▶ [To do] An exact transcript is required of the lines below, from the one containing "Buddha Stones Women" through the very last; leave every picture out of it.

Scraped caption text data:
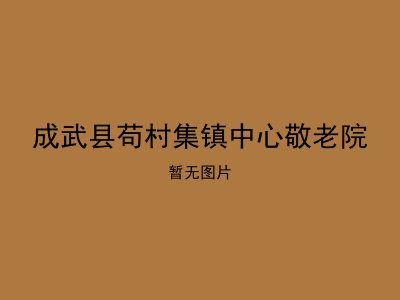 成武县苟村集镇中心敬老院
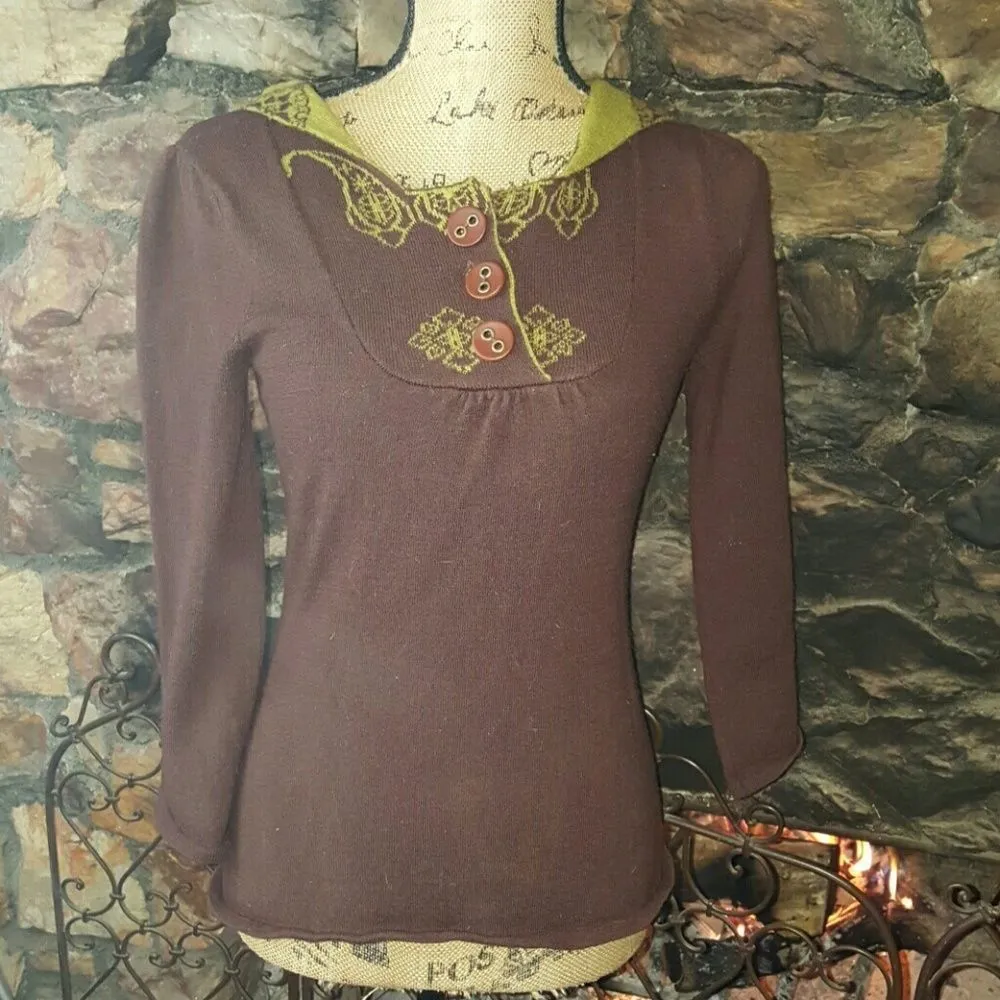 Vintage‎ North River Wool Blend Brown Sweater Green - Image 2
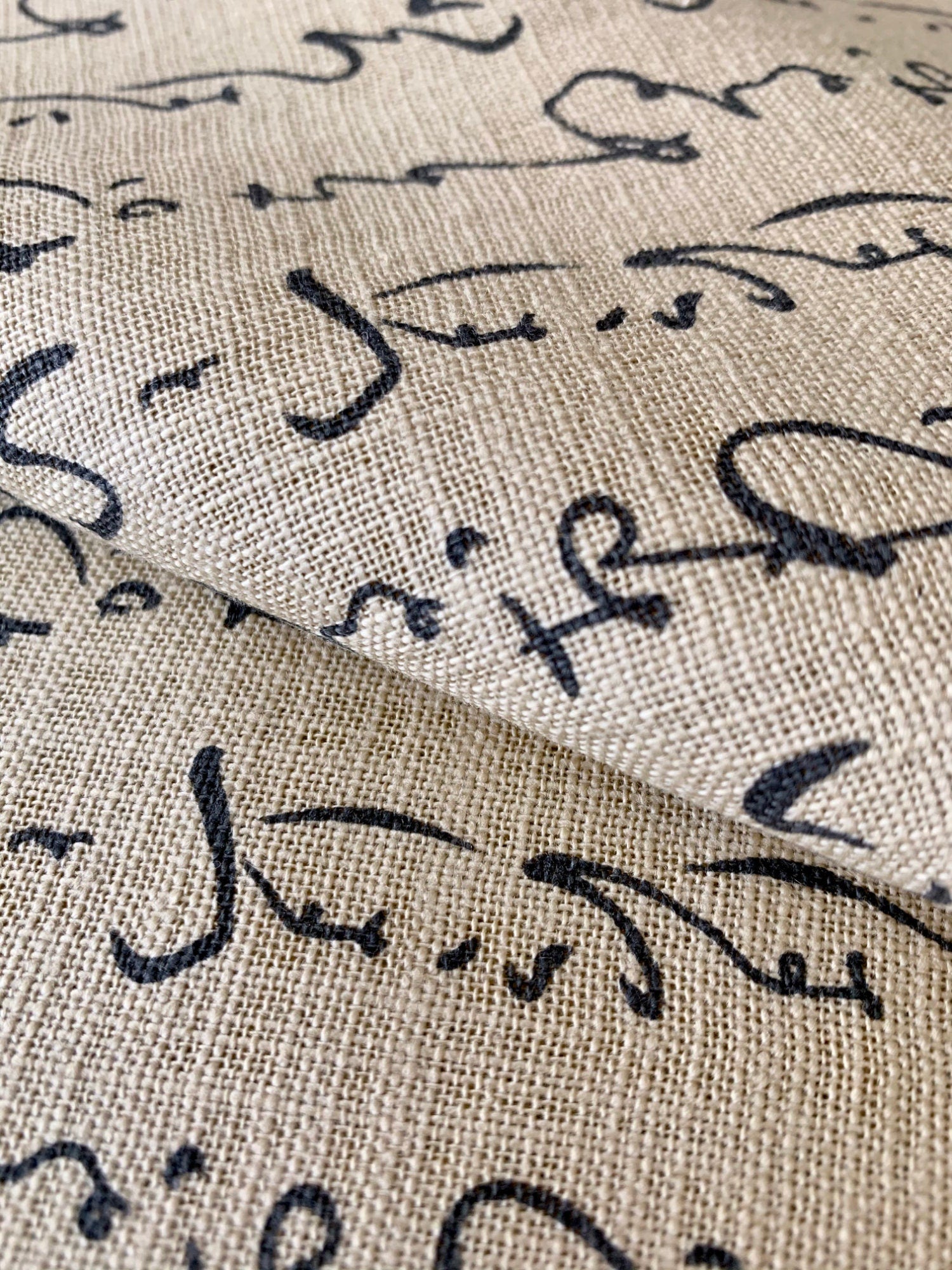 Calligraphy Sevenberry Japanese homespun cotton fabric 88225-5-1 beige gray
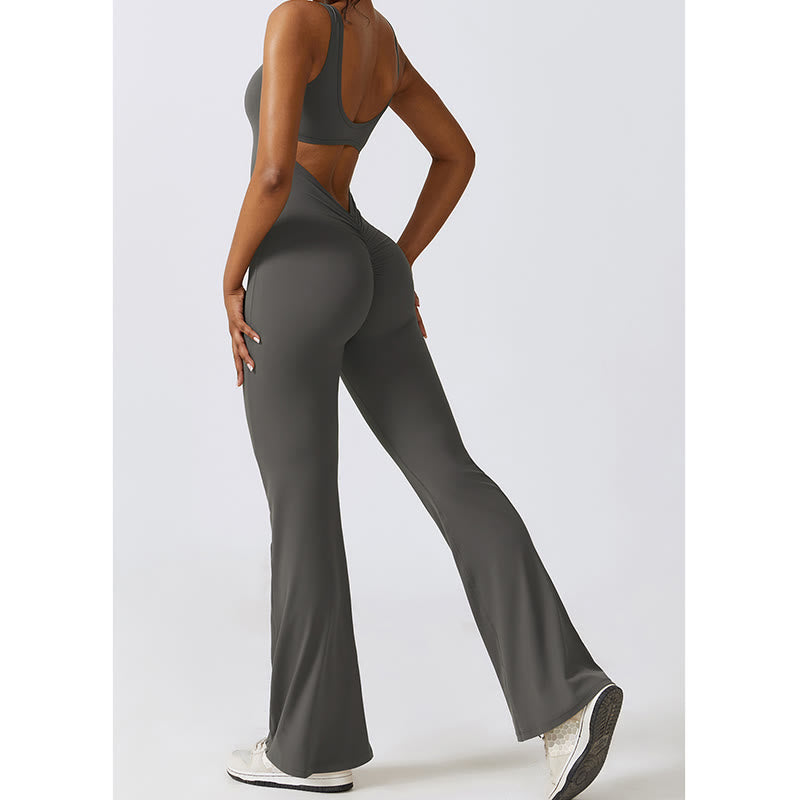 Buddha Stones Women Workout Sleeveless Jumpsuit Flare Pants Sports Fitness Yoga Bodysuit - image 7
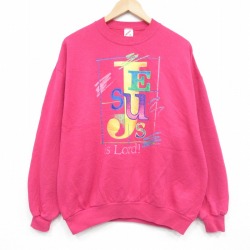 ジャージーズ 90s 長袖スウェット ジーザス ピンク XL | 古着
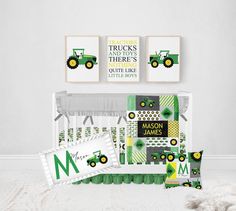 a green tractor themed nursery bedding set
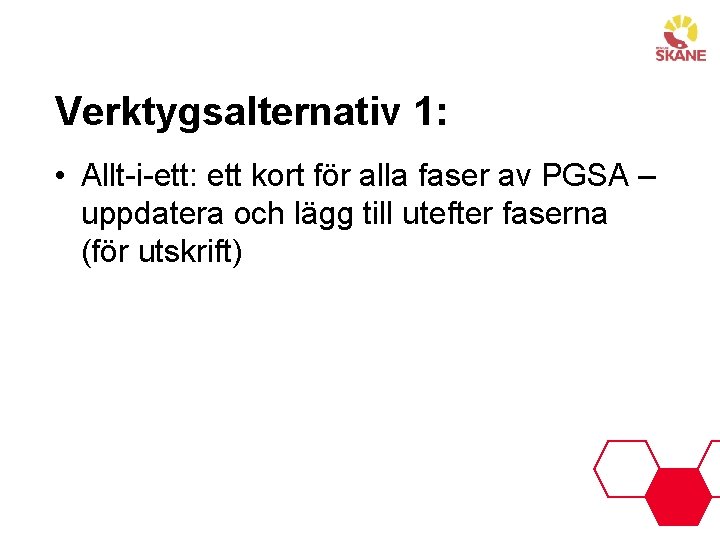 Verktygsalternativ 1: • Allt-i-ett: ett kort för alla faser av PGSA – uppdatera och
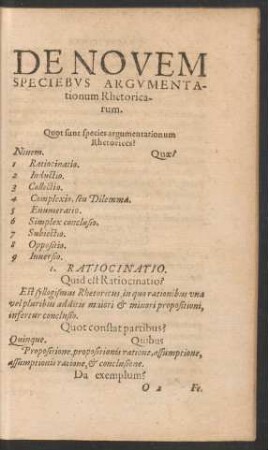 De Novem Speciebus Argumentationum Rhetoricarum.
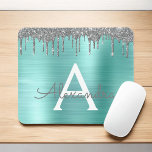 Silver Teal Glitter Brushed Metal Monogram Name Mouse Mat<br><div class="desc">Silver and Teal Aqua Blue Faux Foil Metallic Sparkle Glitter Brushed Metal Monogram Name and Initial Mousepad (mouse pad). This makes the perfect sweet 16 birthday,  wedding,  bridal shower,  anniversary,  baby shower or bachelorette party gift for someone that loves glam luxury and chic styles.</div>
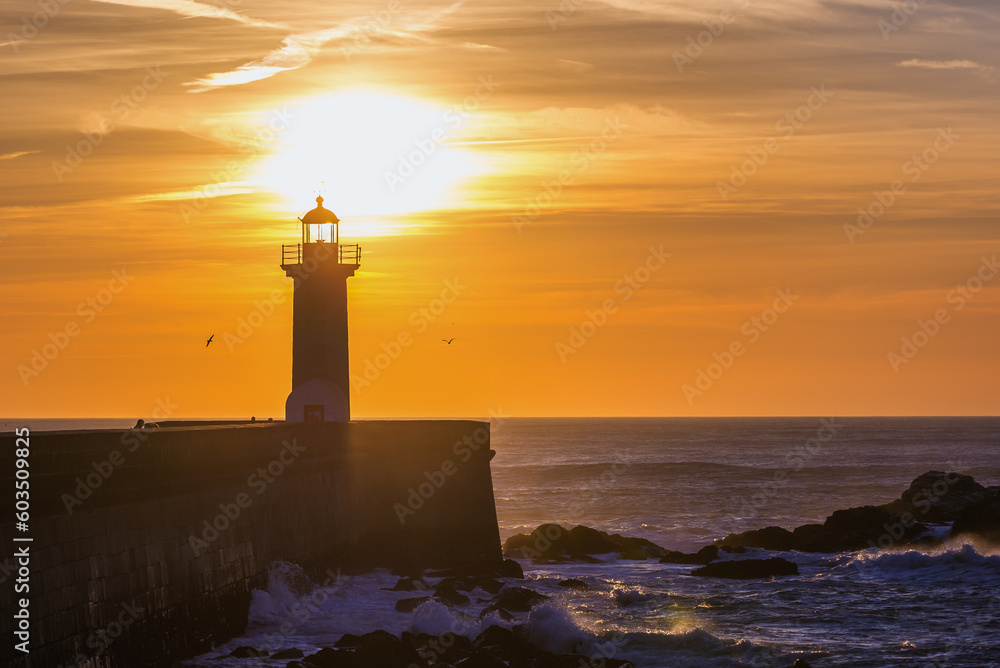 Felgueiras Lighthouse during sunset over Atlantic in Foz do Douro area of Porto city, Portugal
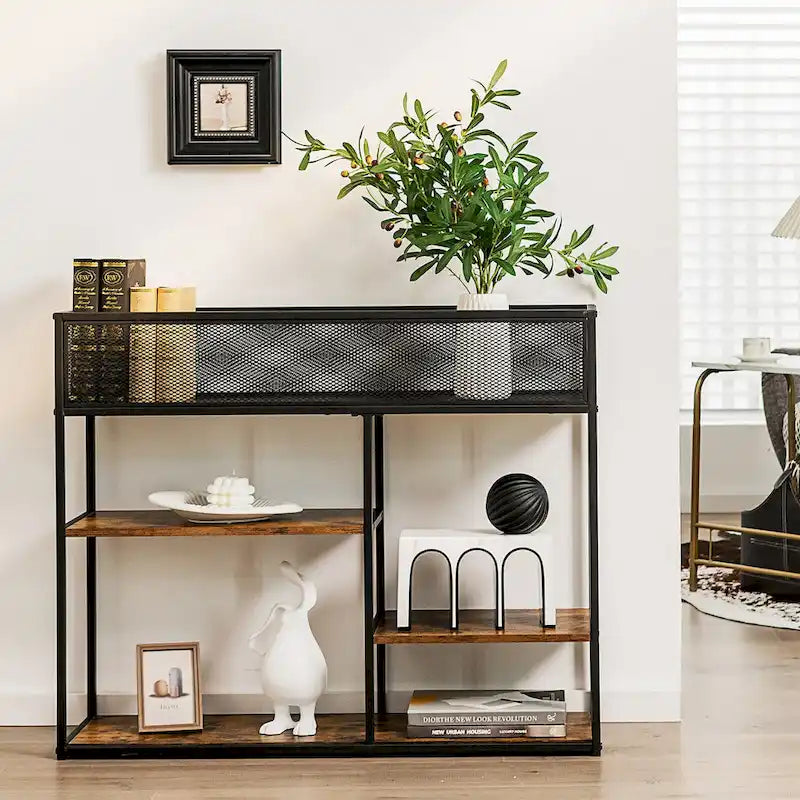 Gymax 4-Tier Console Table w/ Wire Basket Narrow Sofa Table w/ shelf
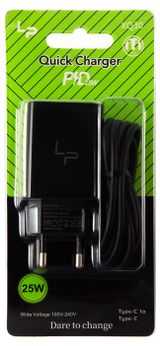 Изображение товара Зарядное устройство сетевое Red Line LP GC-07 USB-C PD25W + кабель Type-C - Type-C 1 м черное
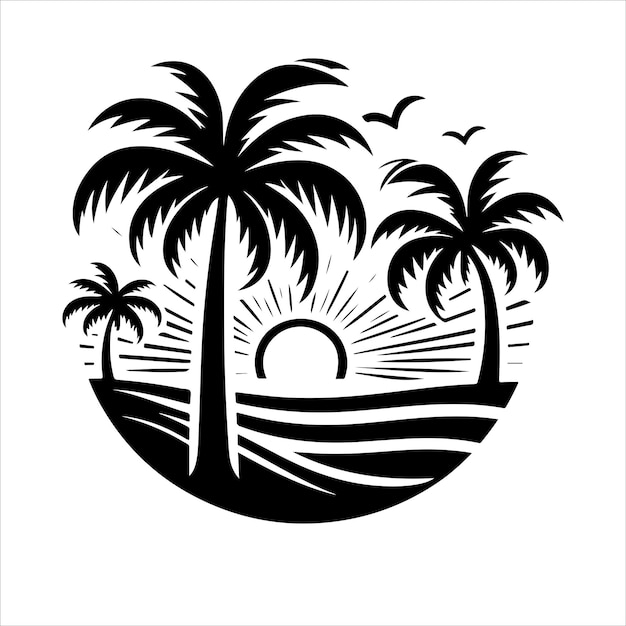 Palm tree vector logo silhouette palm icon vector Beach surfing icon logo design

▶ [Exercise solution]
 Buddha Stones Women Workout Sleeveless Jumpsuit Flare Pants Sports Fitness Yoga Bodysuit - image 7
 ジャージーズ 90s 長袖スウェット ジーザス ピンク XL | 古着
 a green tractor themed nursery bedding set
 Verktygsalternativ 1: • Allt-i-ett: ett kort för alla faser av PGSA – uppdatera och
 De Novem Speciebus Argumentationum Rhetoricarum.
 Silver Teal Glitter Brushed Metal Monogram Name Mouse Mat<br><div class="desc">Silver and Teal Aqua Blue Faux Foil Metallic Sparkle Glitter Brushed Metal Monogram Name and Initial Mousepad (mouse pad). This makes the perfect sweet 16 birthday,  wedding,  bridal shower,  anniversary,  baby shower or bachelorette party gift for someone that loves glam luxury and chic styles.</div>
 Felgueiras Lighthouse during sunset over Atlantic in Foz do Douro area of Porto city, Portugal
 Gymax 4-Tier Console Table w/ Wire Basket Narrow Sofa Table w/ shelf
 Изображение товара Зарядное устройство сетевое Red Line LP GC-07 USB-C PD25W + кабель Type-C - Type-C 1 м черное
 Palm tree vector logo silhouette palm icon vector Beach surfing icon logo design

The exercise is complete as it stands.